The summit, which will focus on the European Union’s strategic partnership with Russia, is expected to set the agenda for the E.U.- Russia relationship for years to come. It comes two months after President Putin proposed new measures that would eliminate direct elections of parliamentary candidates and empower him to appoint regional governors. The measures follow the government’s elimination of Russia’s independent broadcast media, marginalization of the political opposition, and Putin’s own threats against nongovernmental organizations.

“The Kremlin is dismantling Russia’s main achievement of the glasnost era: checks and balances on executive power,” said Lotte Leicht, Human Rights Watch’s Brussels office director. “Now more than ever, E.U. leaders need to tell Mr. Putin that human rights and the rule of law are essential conditions for a strategic partnership with Russia.”
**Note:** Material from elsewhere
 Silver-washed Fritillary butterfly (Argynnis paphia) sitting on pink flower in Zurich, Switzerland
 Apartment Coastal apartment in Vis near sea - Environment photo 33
Human Rights Watch summarized its concerns about developments in Russia in a letter to E.U. foreign ministers. The letter also urged the European Union to make human rights and the rule of law essential elements of any further and enhanced relationship with Moscow. In recent years the Russian government has tried to pressure the E.U. into dropping important human rights issues from its bilateral discussions.
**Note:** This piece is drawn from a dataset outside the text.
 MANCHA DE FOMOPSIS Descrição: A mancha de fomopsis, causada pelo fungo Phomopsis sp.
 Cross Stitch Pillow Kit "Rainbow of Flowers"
“It’s time for the E.U. to decide what it stands for and what its relationship with Russia is all about,” said Leicht. “Otherwise, Europe’s ‘common values’ will ring absolutely hollow.”

Human Rights Watch said that with Russia’s television media firmly under Kremlin control, the opposition out of the picture, and other political leaders cowed by the expansion of Putin’s power, the only leverage on Putin will come from abroad.

Regarding Chechnya, where the armed conflict entered its sixth year, Human Rights Watch urged the European Union to focus on Moscow’s need to establish a meaningful accountability process for thousands of cases of forced disappearances, torture and extrajudicial executions.

“The E.U. and Russia have a common interest in stability in the Northern Caucasus,” said Leicht. “But this can only be achieved if the Russian government works to earn the trust of Chechen civilians. To accomplish this, it has to end abuses and establish accountability for atrocities.”